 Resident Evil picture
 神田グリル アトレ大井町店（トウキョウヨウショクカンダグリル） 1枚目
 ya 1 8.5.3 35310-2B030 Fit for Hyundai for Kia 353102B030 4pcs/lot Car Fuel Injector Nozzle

...

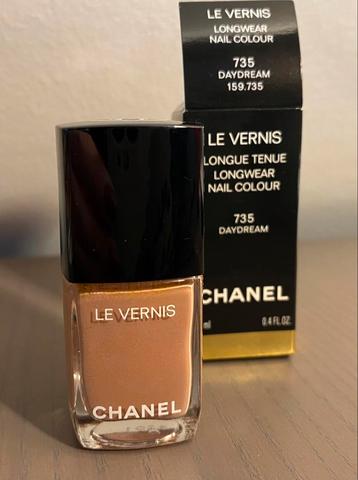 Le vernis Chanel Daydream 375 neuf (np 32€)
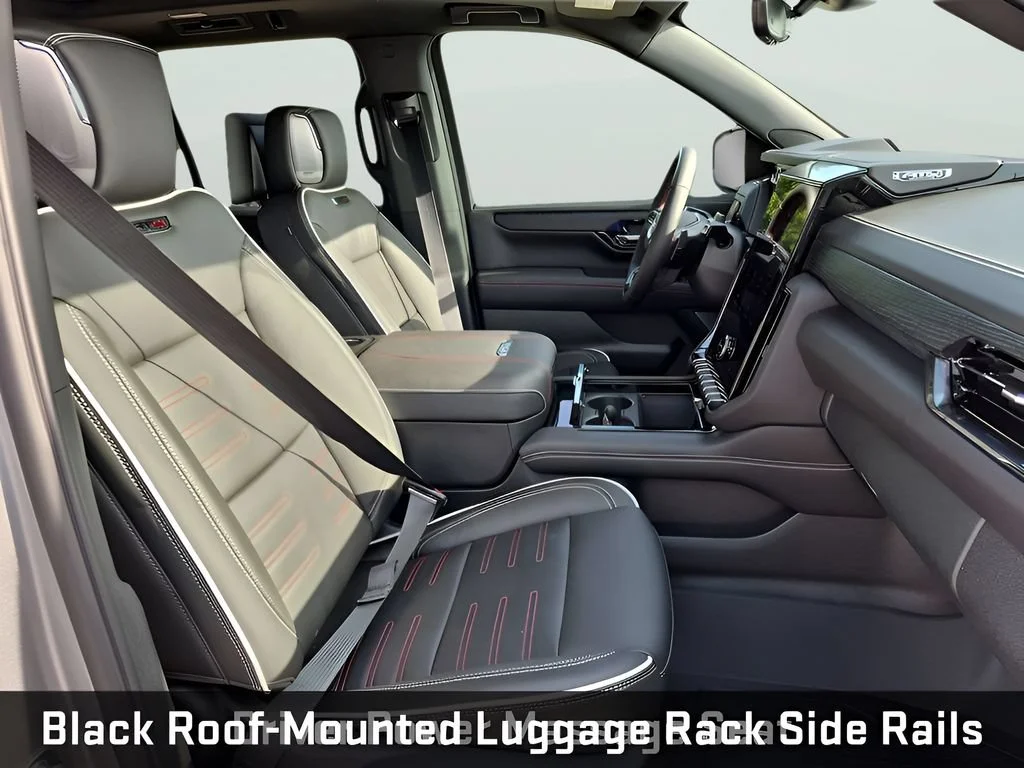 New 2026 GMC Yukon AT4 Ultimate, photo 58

§ **Task prompt**
Given the records above, reproduce precisely and only the lines between the line holding "Resident Evil picture" and the line holding "ya 1 8.5.3 35310-2B030", inclusive.

§ **Output of the exercise**
 Resident Evil picture
 神田グリル アトレ大井町店（トウキョウヨウショクカンダグリル） 1枚目
 ya 1 8.5.3 35310-2B030 Fit for Hyundai for Kia 353102B030 4pcs/lot Car Fuel Injector Nozzle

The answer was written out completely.